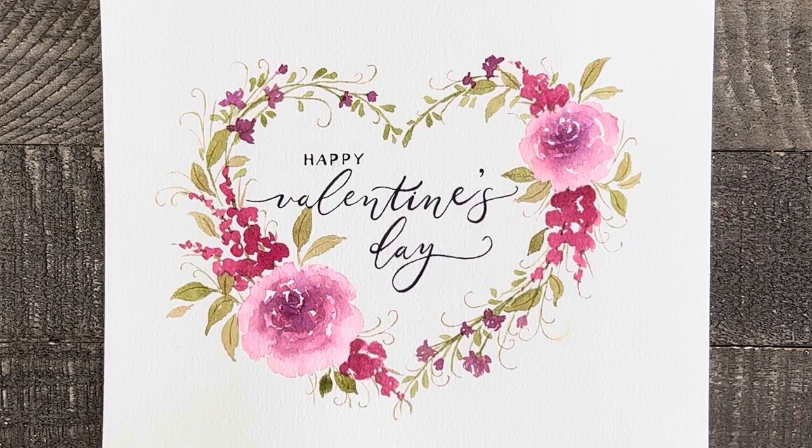Welcome to Liesl's Artistic Studio. I'm really excited for today's tutorial because I'm going to go through how you can paint this beautiful Valentine wreath step-by-step. So let's get started and don't forget to like and subscribe.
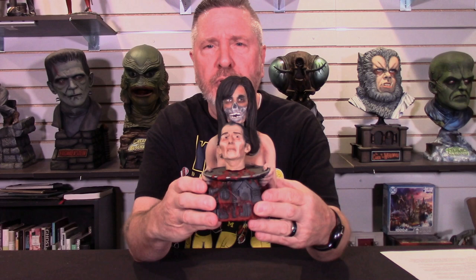Welcome to another edition of Talking Models. Today we're gonna do a painting tutorial on Jeff Yeager's new release, 'The House That Dripped Blood,' otherwise known as Peter on a Platter. This is a beautiful kit — I'm gonna move it up here so we can take a look at it.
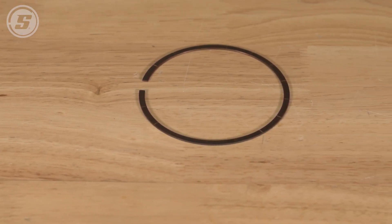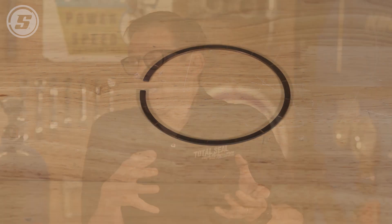What happens if you butt a ring? When you butt a ring, the ring will want to continue to expand, so it's actually driving the ring completely into the cylinder wall — it will actually begin to scuff the cylinder walls. It can actually break the ring, it could even break the piston potentially. All bad things. You don't want to butt your rings. So when you're adding more temperature because you've added more nitrous, you need to open up that end gap.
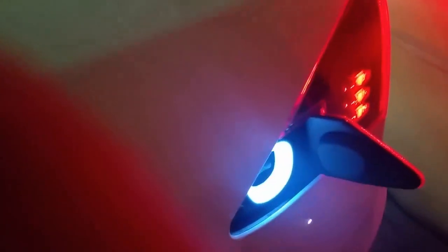We'll then open up the power, grab the cord, and plug it in.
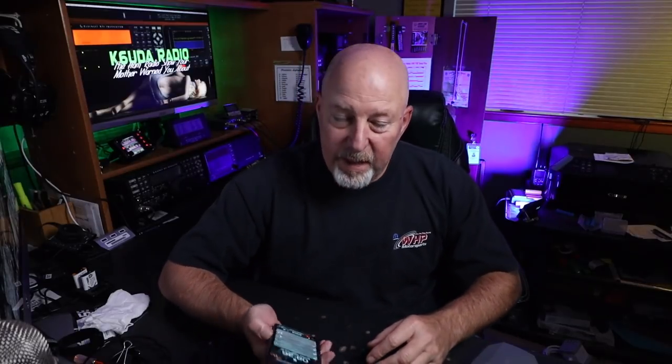I don't know about you, but I like to travel. And when I travel, I'm taking things like my phone, cameras, portable radios, my drone — and all of those things require charging all the time. So this time, we're going to talk about a couple of new charging options out on the market. I'll take a look at them and let you know what I think, this time on K6UDA Radio.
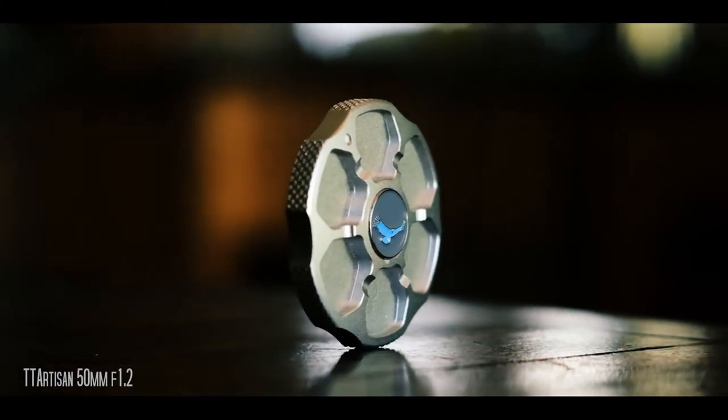This lens is actually super affordable. It goes for about $98 on B&H or Amazon, which is incredible for a 50mm f1.2.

Activity
Repeat nothing but the lines from the one containing "We'll then open" through the end of the entries, exactly, and skip the pictures.

Problem solution
We'll then open up the power, grab the cord, and plug it in.
I don't know about you, but I like to travel. And when I travel, I'm taking things like my phone, cameras, portable radios, my drone — and all of those things require charging all the time. So this time, we're going to talk about a couple of new charging options out on the market. I'll take a look at them and let you know what I think, this time on K6UDA Radio.
This lens is actually super affordable. It goes for about $98 on B&H or Amazon, which is incredible for a 50mm f1.2.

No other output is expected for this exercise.